A Circuit Court existed in Boone county, as soon as a clerk was appointed by the judge of the circuit, although the latter failed to appoint the time for holding the Court.

This was a suit originally commenced by Scammon against Cline, before Alexander Neely, a justice of the peace of Boone county. The defendant removed the cause from Neely to Hiram Waterman, another justice of the peace of said county, before whom the cause was tried, and a judgment rendered for the defendant, on the 21st of February, 1839.

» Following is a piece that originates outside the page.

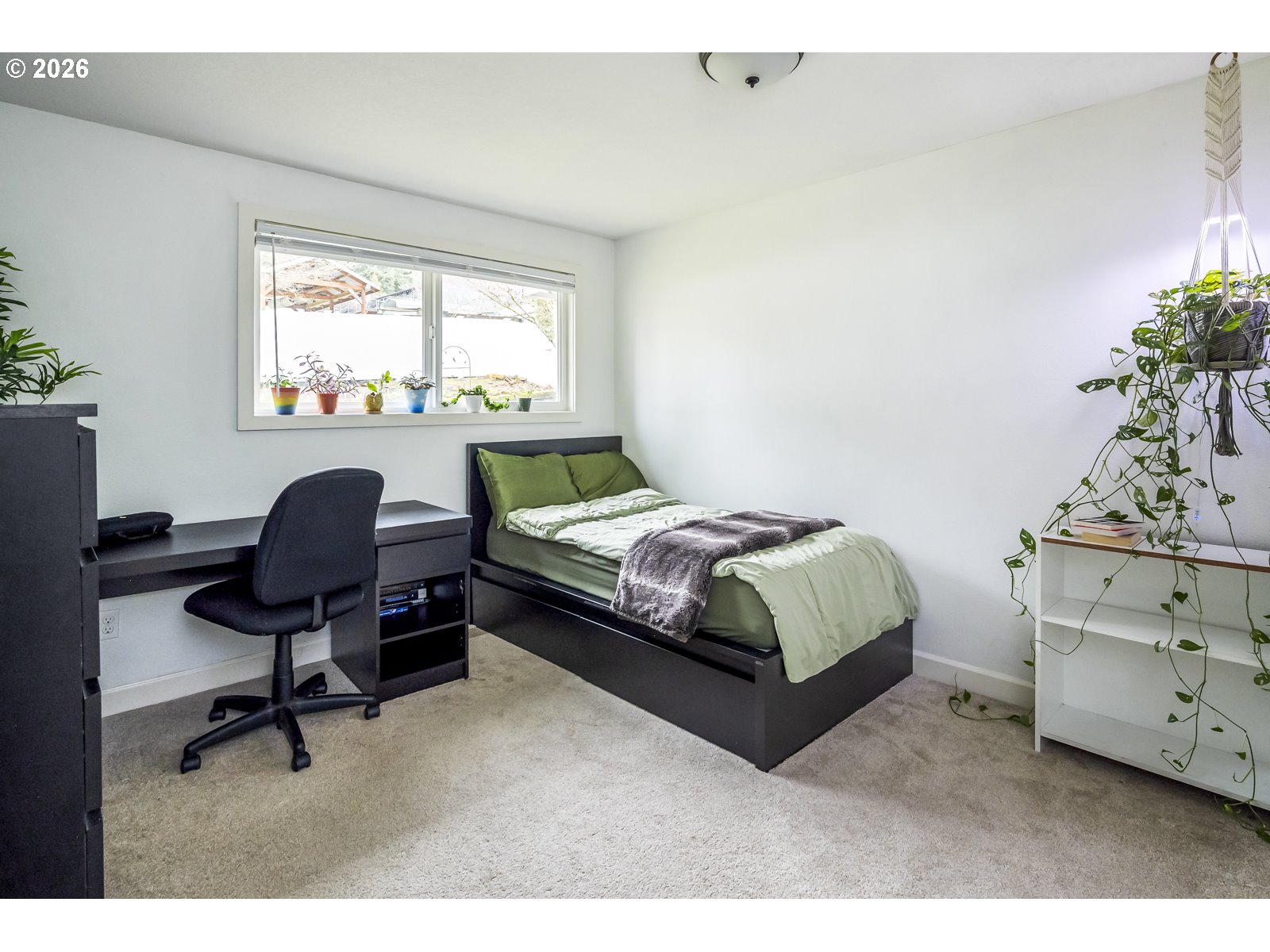 2520 Southwest Towle Avenue Gresham, OR 97080 - Photo 17 of 33 a bedroom with a bed chair and window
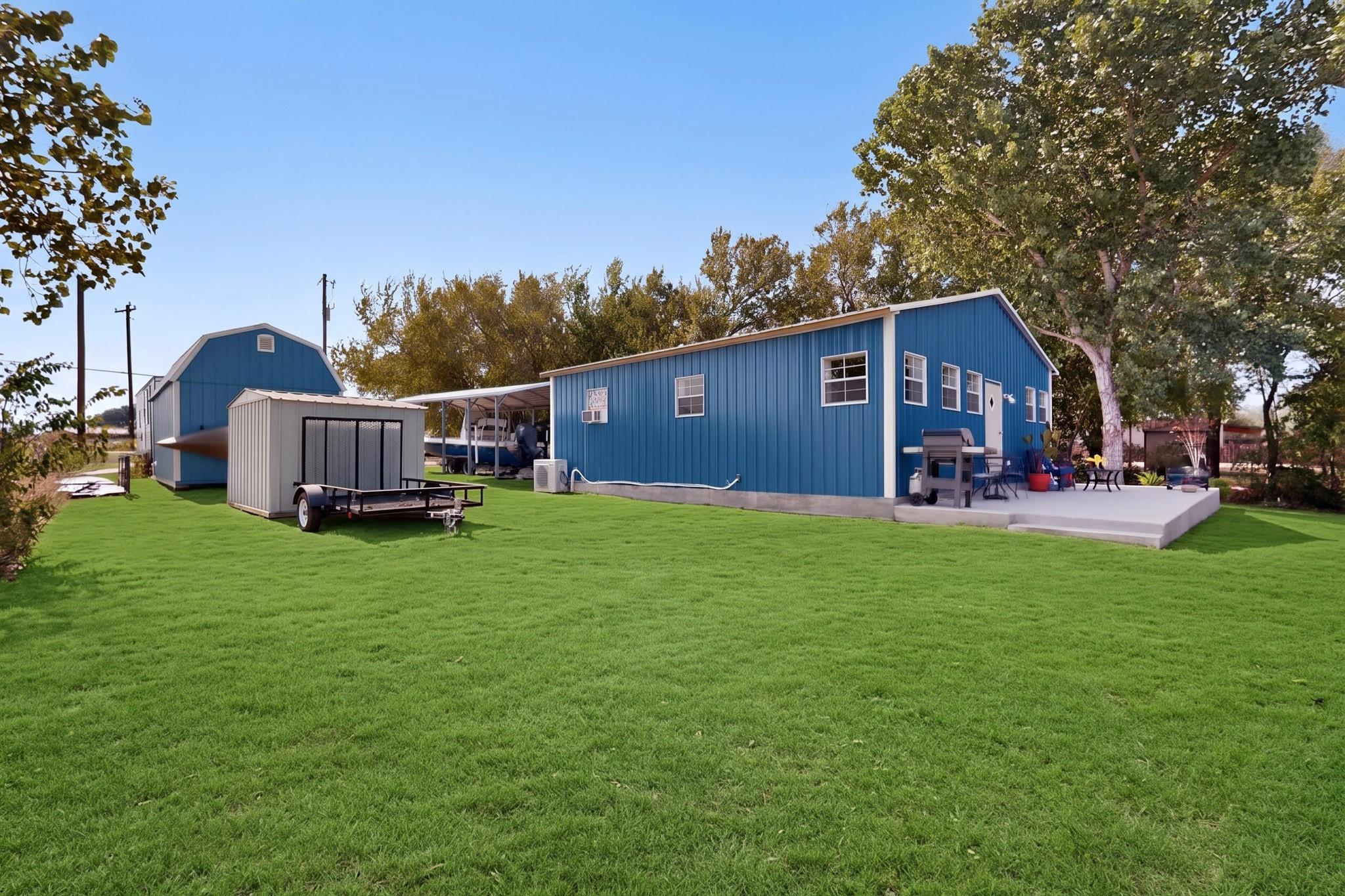 A spacious green lawn borders the structure, comp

Scammon appealed to the Circuit Court of Boone county, and filed his appeal bond in the clerk’s office, which was approved by the clerk on the 1st of March, 1839. The act fixing the time of holding the Circuit Courts of Boone county, passed on the 2d of March, 1839. Before the passage of this act, it was made the duty of the judge of the circuit, to appoint the times of holding the Court.

The summons to the defendant was issued on the 8th of April, 1839, and served upon the defendant, on the 17th of the same month. The summons was returnable on the 25th of said month. At the" April term, 1839, the cause was continued. At the next term of the Court held in April, 1840, the defendant moved the Court to dismiss the appeal because it was taken to the Circuit Court of Boone county, before any Court was appointed in said county, and while Boone was attached to Jo Daviess, for judicial purposes. The Court, the Hon. Dan Stone presiding, sustained the motion, and dismissed the appeal. The appellant excepted, and brought the cause to this Court by writ of error.

G. Spring and J. Y. Scammon, for the plaintiff in error.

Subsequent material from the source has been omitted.